What to work on
From the line that holds "セミロング 林 朱里のヘアスタイル" down to the last line of the listing below, transcribe exactly and only those lines. Leave pictures out.

-- Opening Marker --

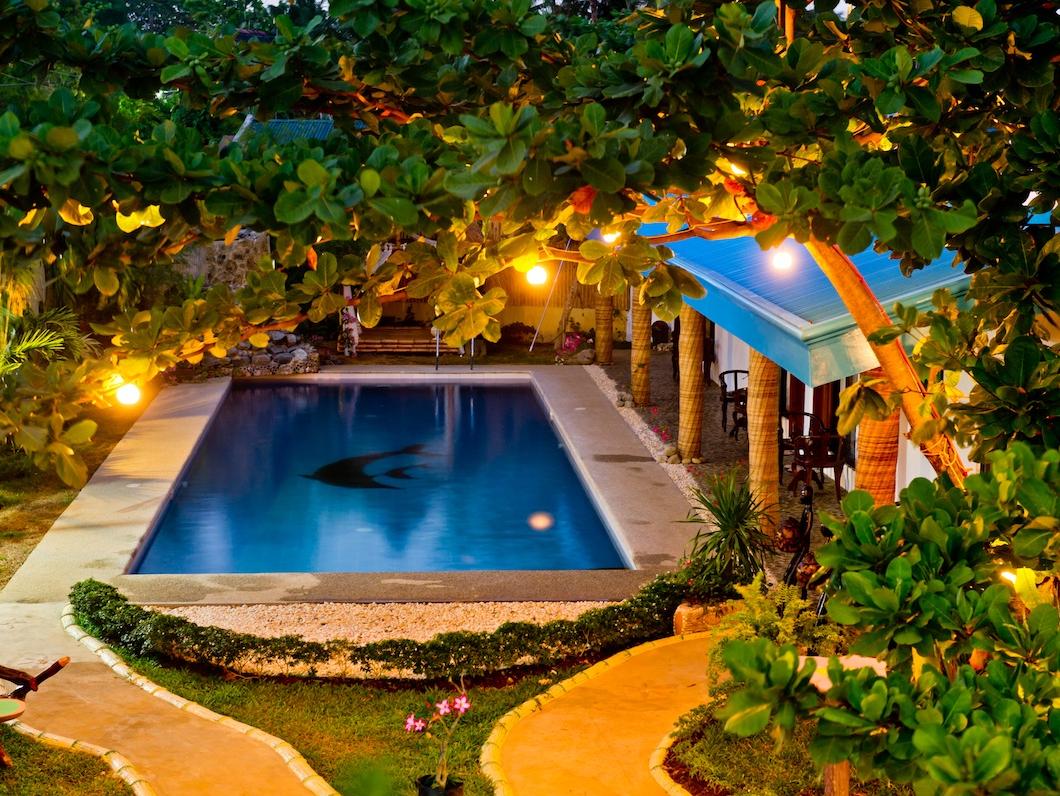 Floral Villarosa Hotel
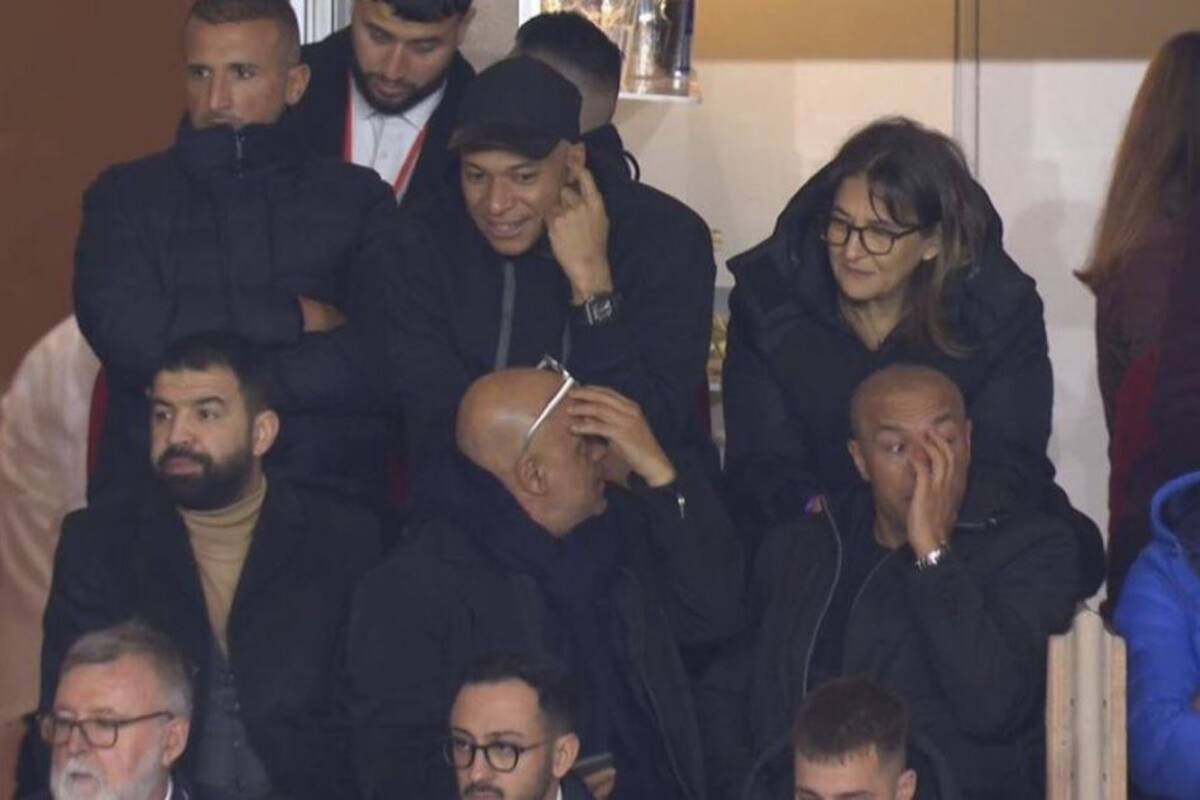 se fue a la tribuna apenas fue reemplazado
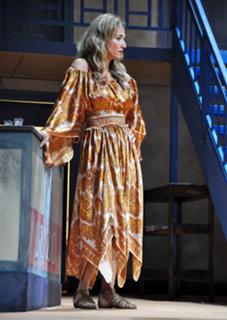 Caroline Beil feet photo thumbnail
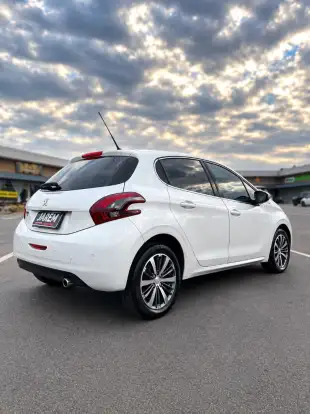 PEUGEOT-208-2017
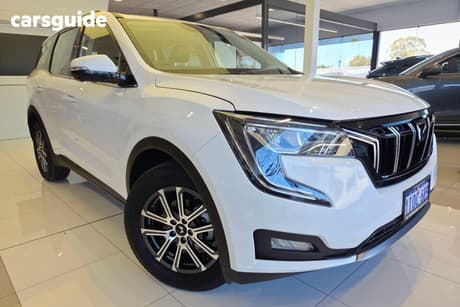 White 2025 Mahindra XUV700 Wagon Ax7L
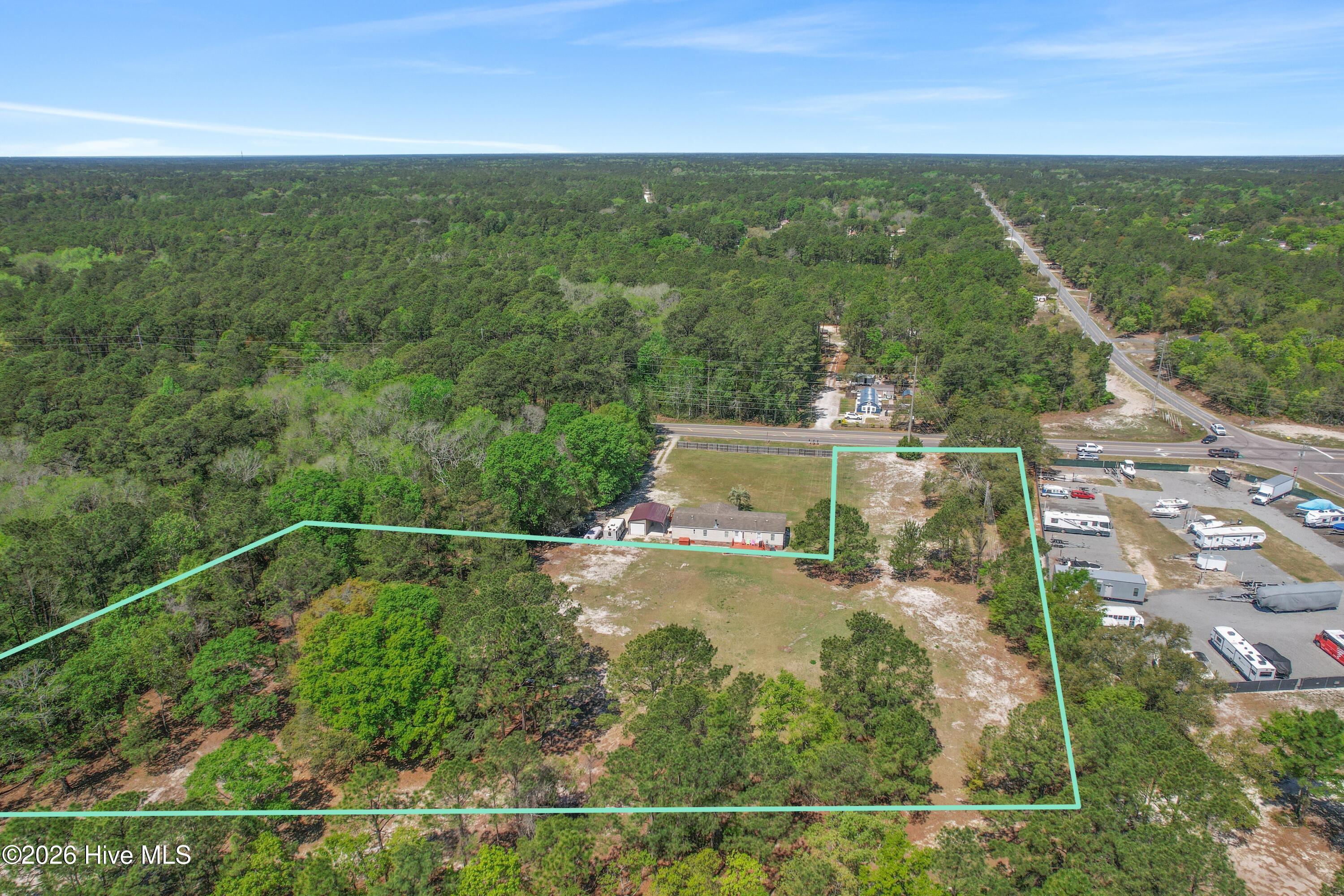 100568984 | Photo 13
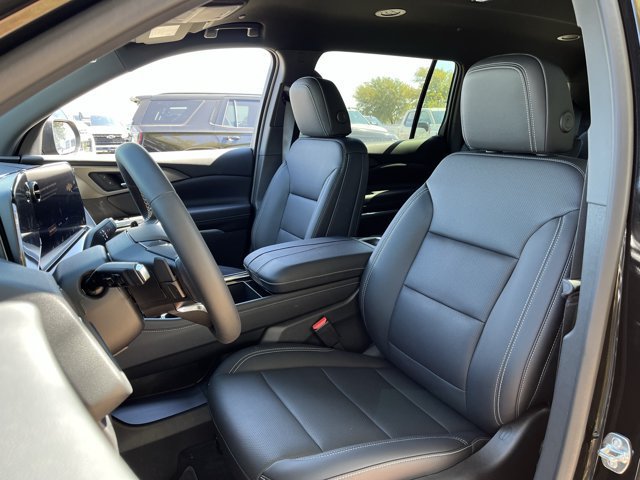 2027 Chevrolet Traverse LT - Photo 21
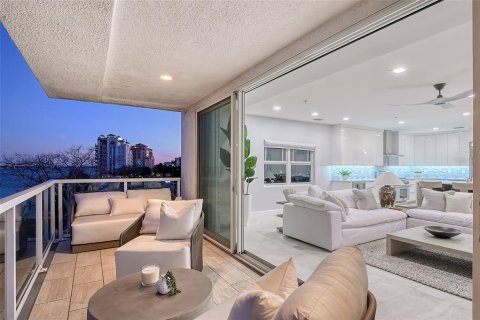 Condo in Sarasota, Florida, 2 bedrooms  № 1542704 - photo 19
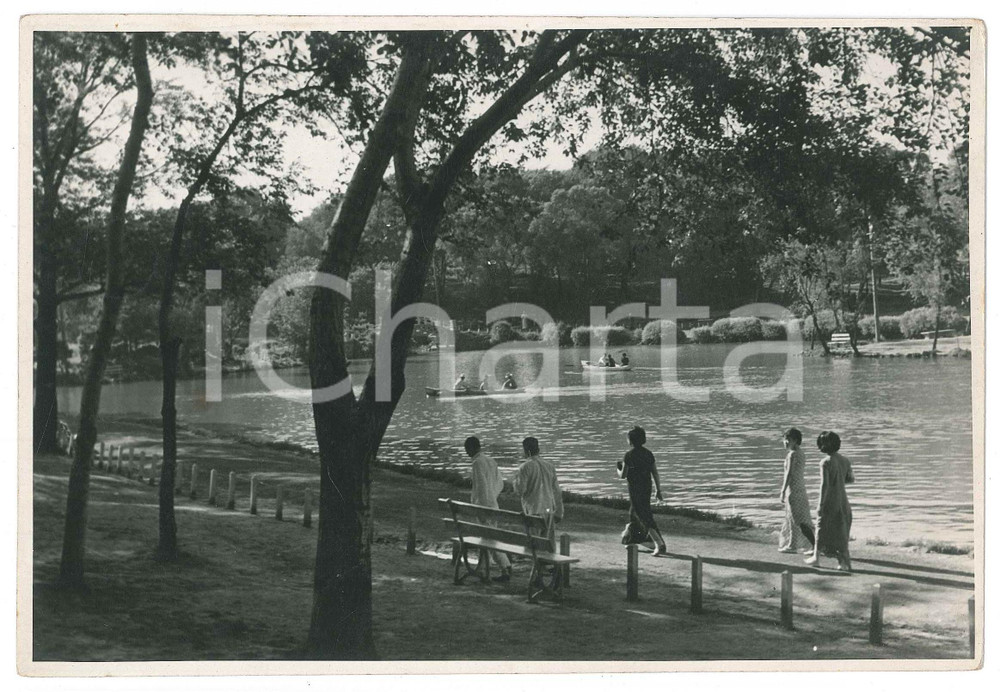 1940 ca TOKYO (?) JAPAN - People in a park - Photo 19x13 cm Fotografia d'epoca.  FAIR/discreto lievi macchie in trasparenza; minime rosure angolari Formato: 19x13 cm originale e autentica 1
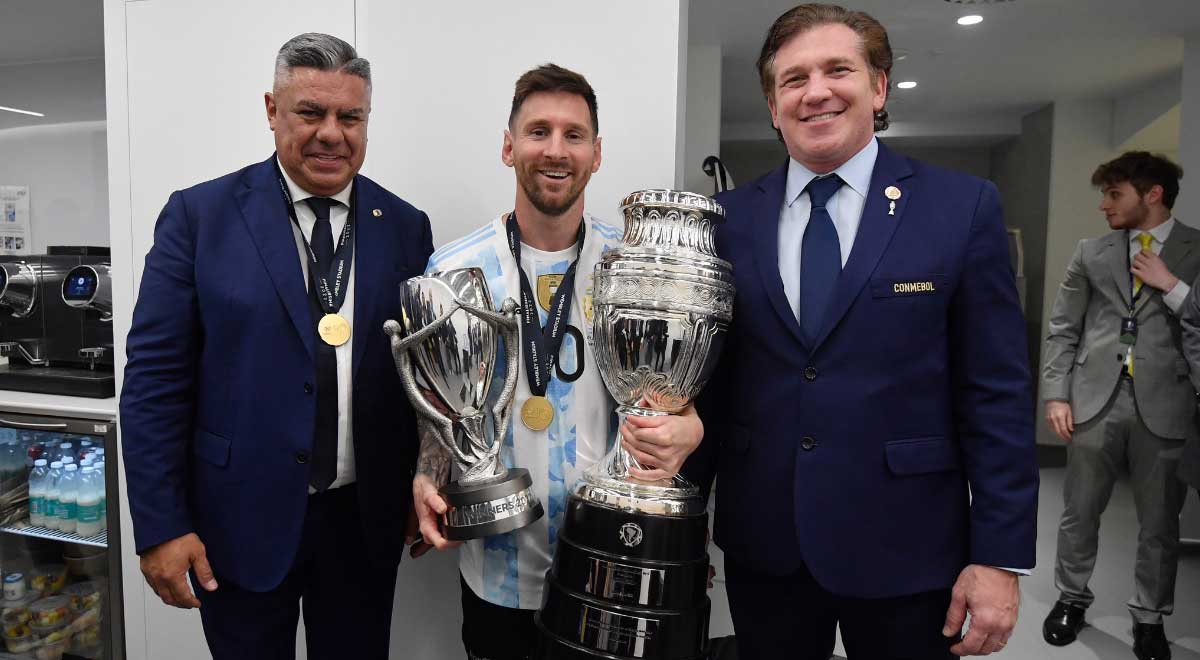Lionel Messi se llevó la Finalissima y también la réplica de la Copa América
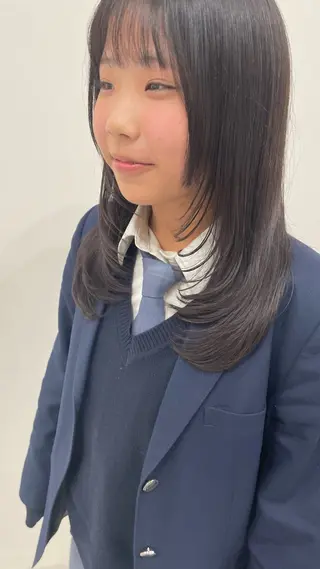 セミロング 林 朱里のヘアスタイル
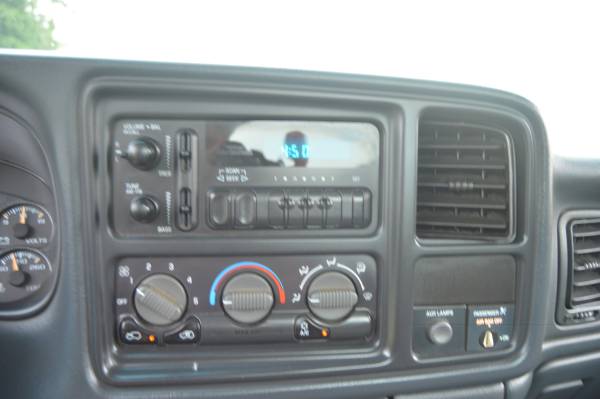 2001 GMC SIERRA 2500HD REG CAB LONG BOX 4X4 6 0L V8 128K - cars & for sale in Enumclaw, WA – photo 17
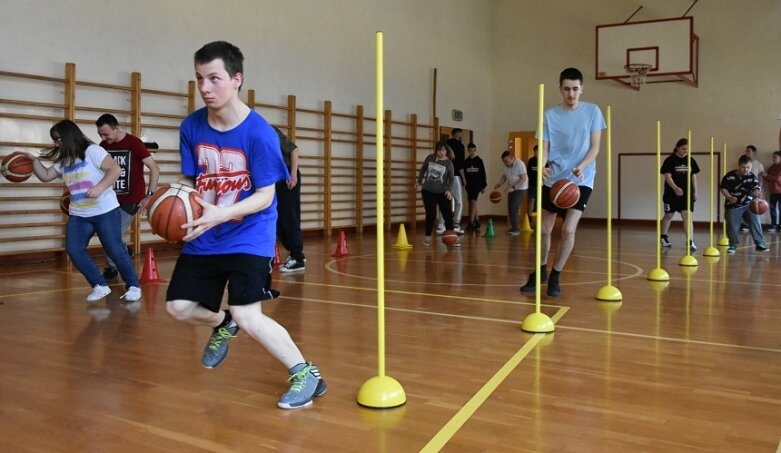  Niepełnosprawni czują sport. Cykl zajęć zakończyli treningiem koszykarskim 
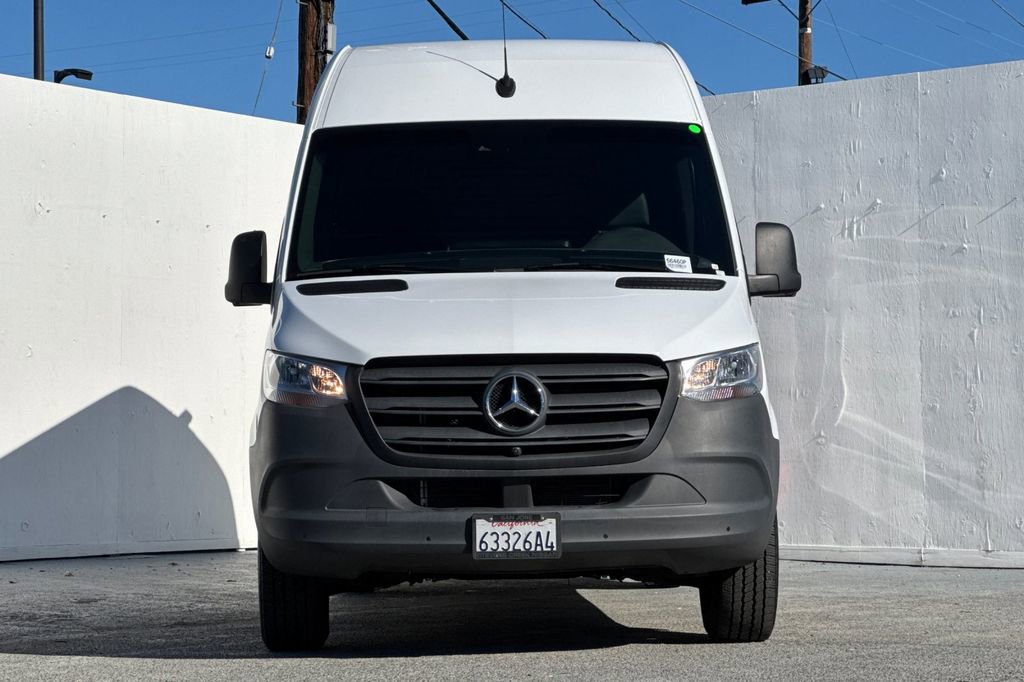 Used 2024 Mercedes-Benz Sprinter 2500 image 8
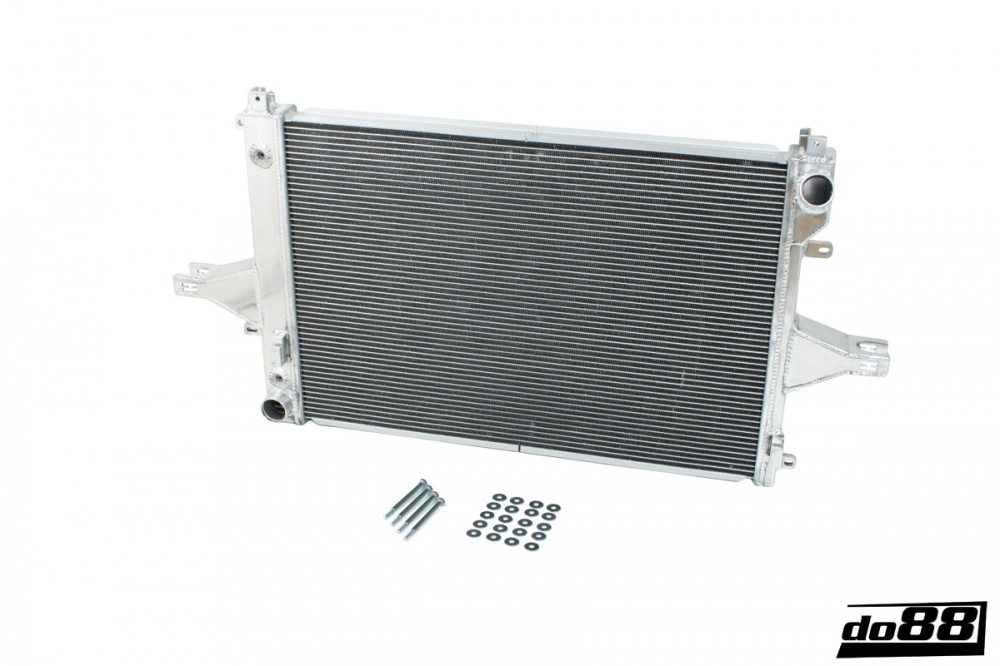 Volvo S60 R V70 R S80 99-08 Radiator in the group By vehicle / Volvo / Diesel engines / S60 S80 V60 V70 XC60 XC70 XC90, P2 (2005-2009) at do88 AB (WC-210-Man)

-- Closing Marker --

Solved problem
 セミロング 林 朱里のヘアスタイル
 2001 GMC SIERRA 2500HD REG CAB LONG BOX 4X4 6 0L V8 128K - cars & for sale in Enumclaw, WA – photo 17
  Niepełnosprawni czują sport. Cykl zajęć zakończyli treningiem koszykarskim 
 Used 2024 Mercedes-Benz Sprinter 2500 image 8
 Volvo S60 R V70 R S80 99-08 Radiator in the group By vehicle / Volvo / Diesel engines / S60 S80 V60 V70 XC60 XC70 XC90, P2 (2005-2009) at do88 AB (WC-210-Man)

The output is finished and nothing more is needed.